Skip, bound, hop, curvet, lope, lollop, ricochet can all mean to move or advance with successive springs or leaps.
The first three words are commonly referable to persons or animals but they may be used in reference to inanimate things.
Skip suggests quick, light, graceful movement and a continuous alternation of touching a surface and springing clear of it; often also when referred to living creatures it connotes sportiveness or excess of animal spirits.
Bound (see also JUMP ) implies longer and more vigorous springs than skip and carries a stronger suggestion of elasticity and buoyancy of spirit.

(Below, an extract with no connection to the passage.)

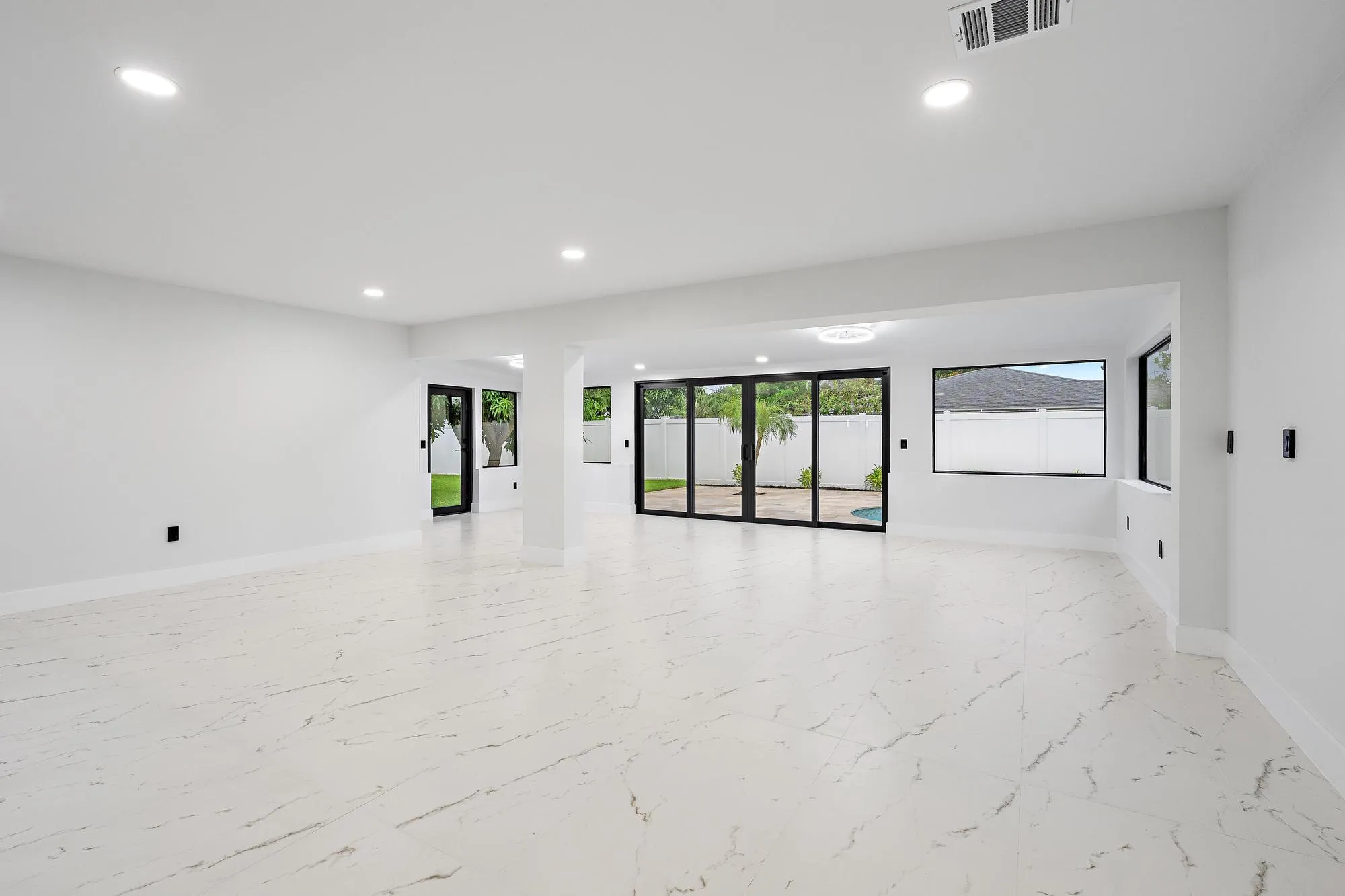 360 Saturn Ave-24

Hop suggests a less flowing or springy movement than the two preceding words; at times it connotes jerkiness and lack of dignity in movement. It implies a succession of small quick leaps (as of birds, toads, or grasshoppers), and in reference to children it suggests a jumping on one foot only.
Curvet may suggest a leap of a horse in which he raises both forelegs at once and as they are falling lifts both hind legs so that for an instant all his legs clear the surface, or in more general application it may imply frisking and gamboling or flightiness.
Lope evokes a picture of the long easy bounds of a lithe and agile animal (as a wolf or fox) on the run.
Lollop , on the other hand, implies a clumsy, irregular bounding that suggests awkwardness or heaviness of movement.
Ricochet is referable almost exclusively to things which are thrown, shot, or cast. It suggests a skipping caused by a series of glancing rebounds after the object first strikes a surface.